The Supreme Court on Thursday clarified that it will not hear pleas challenging polygamy, but will only pass its verdict on the Constitutional validity of triple talaq and nikal halala. A Constitution bench of the apex court has begun to hear seven petitions, including five separate writ petitions filed by Muslim women, which challenge the controversial Islamic practice.
As the five-judge bench began to hear the first petition – filed by one Shayara Bano whose husband had divorced her through triple talaq in October 2016 after 15 years of marriage – it made it clear that each petitioner will have two days to put forth their arguments and one day to present their rebuttal.
During the hearing, the judges observed that 22 Muslim-majority countries had abolished triple talaq by passing laws, and “that is the way to do it”. It said the bench will examine whether these [triple talaq and nikah halala] are, indeed, integral to Islam and whether they are an “enforceable” fundamental right to practice religion by Muslims, NDTV reported.
Senior advocate and Congress leader Kapil Sibal, who is appearing for NGO All India Muslim Personal Law Board, said during the hearing that triple talaq was a subject of faith and a personal law, which meant its was “outside the ambit of judicial review”. “Parliament can make laws and codify triple talaq, but courts cannot get into it,” he argued, according to CNN-News18.
The court, however, appeared to reject his statement, saying that the Islamic practice appeared to be related to the fundamental rights of Muslim women, prima facie.
The Centre’s stand:
During Thursday’s hearing, the government reiterated its opinion on the controversy that it believed triple talaq was unconstitutional.

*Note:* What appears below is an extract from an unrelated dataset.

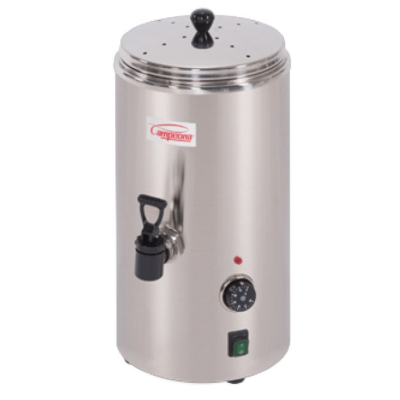 Chocolatera TXM/5-LB Campeona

However, it clarified that it would not take “any side” in this case, but will only fight for “gender justice, equality and the dignity of women”.
The five judges part of the Constitution bench all belong to different faiths. However, there are no women on it.
The bench is headed by Chief Justice of India JS Khehar and comprises justices Kurian Joseph, RF Nariman, UU Lalit and Abdul Nazeer. Former Union minister Salman Khurshid will help the panel come to its verdict as an amicus curae, and Attorney General Mukul Rohatgi is representing the Centre.
Muslim women and rights groups have been fighting to have triple talaq abolished in India. Many have maintained that the Quran did not recognise talaq-e-bidat (instantaneous divorce) as a form of divorce, and that it was a grave violation of their rights.
The Muslim personal law board, however, has maintained that triple talaq is an inherent part of the religion and does not discriminate against women. It has also opposed the court’s intervention in the matter.